There is a line item on my pay stub that represents how much I contributed towards my healthcare for the month. Quite frankly, without looking it up right now, I don’t even know how much I pay. I don’t look at those pay stubs, just the total amount that is automatically deposited in my account. I do know that my health plan requires me to pay fixed co-pay amounts for most of the healthcare services I utilize – so I think of my healthcare expenses as these fixed copays. $10 here, $20 there.
But the truth is that employers pay about $16k per year for an average covered employee and her family. That is $16k being spent on my behalf and it is completely separated from my awareness and my experience with the healthcare system.
I am suggesting that if we knew how much health care costs and were more directly involved in paying it, we would take a whole bunch better care of ourselves. I’m reasonably healthy, I don’t think about healthcare insurance much, but if I was paying $16k a year out of my pocket you’d better believe I’d have an entirely different level of engagement with my insurance and with my health and wellness.

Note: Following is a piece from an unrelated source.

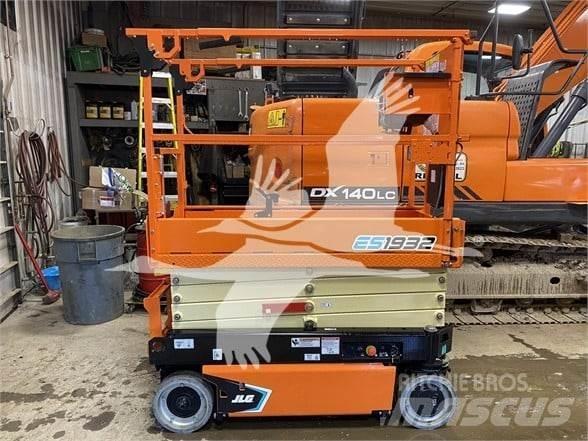 JLG ES1932 Ножични работни платформи
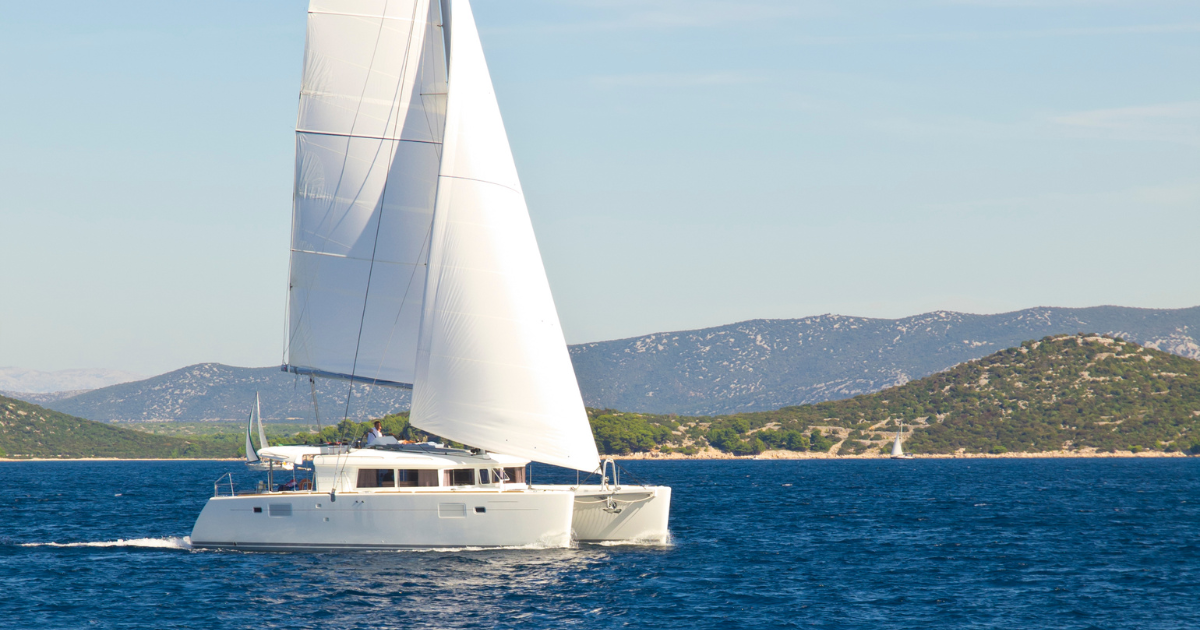 Lagoon katamaranas ACI Marina Pomer uoste, instruktorius ir dalyviai prie vairo.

A few weeks ago I wrote an “Imagine If Your Health Plan Was…” post that painted an entirely different picture for what a relationship with a healthcare insurance company could be. But the only way this utopian vision could work is if employer-provided healthcare ended and health insurance became something to be owned and managed by individuals instead of by corporate America.
My health and my selection of and engagement with a health insurance plan should absolutely not be linked to my job, that is just ridiculous.
Instead, pay me $16k more per year, and put that amount into a separate income category that is not taxable and has to be spent on healthcare – and get back to the business of making cars, developing iPhone apps and running your restaurants.